An example I can cite for you is how we do fluid and blood product resuscitation of trauma victims. The things we learned from our experience supporting combat operations in Iraq and Afghanistan fundamentally changed the way trauma patients are now resuscitated in emergency rooms and trauma theaters through the use of fluid and blood products. And it’s made a real difference in terms of improving the outcome for those patients.
Another example would be our management of burn patients. The data that was captured from the combat operations highlighted some excellent opportunities to improve the outcomes for patients with serious burns. Those have become standards in the fluid resuscitation of burn patients now.
What kinds of stresses are placed on Air Force medical personnel due to operating farther forward as well as the change in emphasis toward stabilization and rapid evacuation of wounded rather than treatment in more elaborate field hospitals, as in the past?
The opportunity that presents itself now to improve outcomes for trauma victims, as you stated, requires initial stabilization and then movement within a relatively short time window to a medical center for definitive care. The experience has shown that this improves outcomes. So, in order to be able to do that and to fully leverage the opportunities to provide advanced care in a forward field setting, our teams need to be prepared to provide advanced care in a field hospital and even in a pre-hospital environment.
In support of counterterrorism operations, we’ve found that the surgical teams and the critical-care teams need to be able to operate outside the hospital environment often in a location that was never built or designed to be used for medical care. That’s requiring a lot of innovation and ingenuity and a lot of training and a lot of insight as we equip the teams.
That means we’re deploying teams with more advanced capability than we have ever in our history. And that’s true for Army, Navy, and Air Force as well. That requires that our teams go forward with the techniques, and the technology, and the equipment to be able to provide advanced care – and sustain the readiness to do so. The other thing that imposes demands on our medical teams with current combat operations is that the nature of the counterterrorism combat operations really requires that we have agility and the ability to be somewhat mobile in terms of our surgical stabilization capability.
To apply the advanced intervention techniques and to apply the lessons we’ve learned from the research using the Joint Trauma Registry, our teams need to be able to be agile and to move about, but have equipment that is a small enough equipment package that it can be moved readily and set up in a building of opportunity.
In support of counterterrorism operations, we’ve found that the surgical teams and the critical-care teams need to be able to operate outside the hospital environment often in a location that was never built or designed to be used for medical care.
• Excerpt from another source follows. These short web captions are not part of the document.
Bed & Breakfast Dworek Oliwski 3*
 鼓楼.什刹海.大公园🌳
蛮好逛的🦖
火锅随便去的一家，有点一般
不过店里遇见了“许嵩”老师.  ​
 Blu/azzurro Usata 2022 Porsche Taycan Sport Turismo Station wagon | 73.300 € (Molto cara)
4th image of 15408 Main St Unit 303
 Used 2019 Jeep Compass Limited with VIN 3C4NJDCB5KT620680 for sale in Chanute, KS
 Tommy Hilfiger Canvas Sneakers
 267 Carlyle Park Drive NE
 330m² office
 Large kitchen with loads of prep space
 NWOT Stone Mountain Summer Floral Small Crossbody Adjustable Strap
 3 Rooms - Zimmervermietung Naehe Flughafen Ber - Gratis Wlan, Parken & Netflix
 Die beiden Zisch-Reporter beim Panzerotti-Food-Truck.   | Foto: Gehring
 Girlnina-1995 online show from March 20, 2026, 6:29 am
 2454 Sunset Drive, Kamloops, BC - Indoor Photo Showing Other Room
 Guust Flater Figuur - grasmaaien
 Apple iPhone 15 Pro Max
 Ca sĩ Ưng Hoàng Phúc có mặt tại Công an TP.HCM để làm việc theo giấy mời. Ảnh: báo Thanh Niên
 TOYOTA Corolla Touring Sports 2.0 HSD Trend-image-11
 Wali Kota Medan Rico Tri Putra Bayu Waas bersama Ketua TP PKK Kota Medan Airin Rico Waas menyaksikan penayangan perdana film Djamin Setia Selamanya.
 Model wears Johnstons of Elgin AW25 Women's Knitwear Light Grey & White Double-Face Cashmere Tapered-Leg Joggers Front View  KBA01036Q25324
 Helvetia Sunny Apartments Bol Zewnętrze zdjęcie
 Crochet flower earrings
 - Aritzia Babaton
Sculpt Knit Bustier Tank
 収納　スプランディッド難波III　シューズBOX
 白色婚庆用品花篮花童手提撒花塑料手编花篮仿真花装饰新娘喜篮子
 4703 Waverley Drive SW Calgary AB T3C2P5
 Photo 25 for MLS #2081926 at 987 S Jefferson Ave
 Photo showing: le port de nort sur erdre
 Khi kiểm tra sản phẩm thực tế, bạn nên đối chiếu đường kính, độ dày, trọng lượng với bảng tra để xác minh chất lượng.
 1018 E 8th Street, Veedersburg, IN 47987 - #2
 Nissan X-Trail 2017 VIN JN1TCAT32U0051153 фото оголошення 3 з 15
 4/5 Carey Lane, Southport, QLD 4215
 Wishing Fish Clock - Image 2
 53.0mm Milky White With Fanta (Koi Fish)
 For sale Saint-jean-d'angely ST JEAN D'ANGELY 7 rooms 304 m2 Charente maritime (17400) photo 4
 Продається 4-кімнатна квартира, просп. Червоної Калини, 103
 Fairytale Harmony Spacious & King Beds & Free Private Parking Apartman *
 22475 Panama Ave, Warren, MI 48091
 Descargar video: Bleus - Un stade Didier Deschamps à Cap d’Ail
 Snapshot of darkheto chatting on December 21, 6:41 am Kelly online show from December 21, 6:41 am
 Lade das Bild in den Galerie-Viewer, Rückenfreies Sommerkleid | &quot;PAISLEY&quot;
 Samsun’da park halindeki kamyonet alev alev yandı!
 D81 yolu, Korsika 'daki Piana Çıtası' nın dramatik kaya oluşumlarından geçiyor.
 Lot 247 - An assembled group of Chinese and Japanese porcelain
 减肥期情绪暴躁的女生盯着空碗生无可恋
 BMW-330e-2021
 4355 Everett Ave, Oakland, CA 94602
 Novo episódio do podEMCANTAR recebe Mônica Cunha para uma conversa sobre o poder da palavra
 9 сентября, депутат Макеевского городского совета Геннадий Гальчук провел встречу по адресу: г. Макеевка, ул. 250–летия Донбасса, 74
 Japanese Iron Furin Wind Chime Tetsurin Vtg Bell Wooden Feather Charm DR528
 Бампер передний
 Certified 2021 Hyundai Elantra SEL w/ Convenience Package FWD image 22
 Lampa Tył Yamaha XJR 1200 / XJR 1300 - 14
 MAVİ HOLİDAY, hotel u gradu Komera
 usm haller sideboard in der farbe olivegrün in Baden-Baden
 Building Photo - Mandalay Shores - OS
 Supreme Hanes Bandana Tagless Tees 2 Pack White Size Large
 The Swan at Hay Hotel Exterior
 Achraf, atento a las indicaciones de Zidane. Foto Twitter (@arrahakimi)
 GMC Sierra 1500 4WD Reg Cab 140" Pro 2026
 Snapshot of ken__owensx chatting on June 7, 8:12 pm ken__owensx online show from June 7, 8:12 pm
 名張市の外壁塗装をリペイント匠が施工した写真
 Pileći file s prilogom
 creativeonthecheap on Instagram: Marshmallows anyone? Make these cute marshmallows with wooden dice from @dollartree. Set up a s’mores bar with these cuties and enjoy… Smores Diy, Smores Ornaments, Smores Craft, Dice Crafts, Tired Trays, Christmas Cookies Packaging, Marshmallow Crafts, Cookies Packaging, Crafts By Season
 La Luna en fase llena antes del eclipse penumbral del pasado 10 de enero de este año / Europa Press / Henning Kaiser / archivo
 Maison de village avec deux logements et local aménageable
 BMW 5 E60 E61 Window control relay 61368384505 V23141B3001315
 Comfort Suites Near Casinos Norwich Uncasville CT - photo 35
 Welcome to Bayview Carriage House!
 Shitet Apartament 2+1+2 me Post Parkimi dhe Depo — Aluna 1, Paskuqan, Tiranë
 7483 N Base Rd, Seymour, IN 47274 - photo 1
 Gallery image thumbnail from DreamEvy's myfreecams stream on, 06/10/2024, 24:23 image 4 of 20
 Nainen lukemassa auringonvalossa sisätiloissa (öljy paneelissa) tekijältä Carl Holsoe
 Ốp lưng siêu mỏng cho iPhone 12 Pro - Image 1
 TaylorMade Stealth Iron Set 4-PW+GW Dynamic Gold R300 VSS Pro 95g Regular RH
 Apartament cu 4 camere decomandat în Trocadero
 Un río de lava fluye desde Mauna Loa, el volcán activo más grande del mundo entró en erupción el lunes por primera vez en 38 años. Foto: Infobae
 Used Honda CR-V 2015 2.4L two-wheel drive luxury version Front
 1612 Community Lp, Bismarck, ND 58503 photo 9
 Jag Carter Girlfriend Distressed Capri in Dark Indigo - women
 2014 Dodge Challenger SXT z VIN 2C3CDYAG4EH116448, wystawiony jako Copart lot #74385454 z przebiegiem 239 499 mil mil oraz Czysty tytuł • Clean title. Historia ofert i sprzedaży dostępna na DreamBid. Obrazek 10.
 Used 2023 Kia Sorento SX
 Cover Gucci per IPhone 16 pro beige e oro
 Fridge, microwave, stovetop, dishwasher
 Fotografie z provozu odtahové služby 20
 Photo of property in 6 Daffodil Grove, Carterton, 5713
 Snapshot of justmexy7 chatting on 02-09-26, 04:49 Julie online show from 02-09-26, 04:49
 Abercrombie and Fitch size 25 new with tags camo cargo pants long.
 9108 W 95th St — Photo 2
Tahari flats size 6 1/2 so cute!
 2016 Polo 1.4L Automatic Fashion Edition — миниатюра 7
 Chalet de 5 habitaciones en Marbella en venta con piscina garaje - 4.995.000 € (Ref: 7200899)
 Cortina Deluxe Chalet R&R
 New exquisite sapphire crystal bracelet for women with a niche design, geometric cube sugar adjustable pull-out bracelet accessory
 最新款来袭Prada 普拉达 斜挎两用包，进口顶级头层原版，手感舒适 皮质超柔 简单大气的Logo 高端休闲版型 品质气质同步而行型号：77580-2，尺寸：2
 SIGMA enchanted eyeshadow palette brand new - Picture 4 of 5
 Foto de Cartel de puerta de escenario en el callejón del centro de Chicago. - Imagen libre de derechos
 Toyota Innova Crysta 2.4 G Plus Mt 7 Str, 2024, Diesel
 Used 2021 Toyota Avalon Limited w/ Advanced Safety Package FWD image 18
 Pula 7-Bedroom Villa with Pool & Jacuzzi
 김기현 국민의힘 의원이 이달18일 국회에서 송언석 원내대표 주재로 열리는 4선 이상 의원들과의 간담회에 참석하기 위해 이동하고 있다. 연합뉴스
That’s requiring a lot of innovation and ingenuity and a lot of training and a lot of insight as we equip the teams.
Can you highlight any developments either involving en route care or innovations on the battlefield that bring a special sense of organizational pride?
The establishment of the Critical Care [Air] Transport Teams in the late 1990s has enabled us to move trauma victims much more quickly than we were able to do historically. That’s had a dramatic effect on improvement on the outcomes. But we know that there are further opportunities to enhance our capability in terms of what kind of inventions and what kind of monitoring we can apply in the in-flight environment. So we continuously are performing research in terms of new ways to apply technology in the in-flight environment and aeromedical evacuation and new ways to be able to continue with the stabilization process during movement.
We know the nature of U.S. military operations are such that it is becoming increasingly likely on occasions that we will move patients a significant distance who have yet to be treated in a hospital. We know we need to have as much capability as possible in flight to continue the stabilization. So we have research right now on systems that will help our teams do that.
Examples of these would be systems that use equipment, including microprocessors capable of using computer logic, to help with trend analysis in flight on vital signs, to actually have autonomous adjustment of ventilator settings in flight, and also to apply some diagnostic techniques in flight, such as ultrasounds, that would enable us to detect conditions that may need intervention while in flight.
These are just a few of the innovations that are being researched right now. This is being done in partnerships with trauma centers where we have Air Force trauma specialists embedded and then being prototyped for use in operational settings.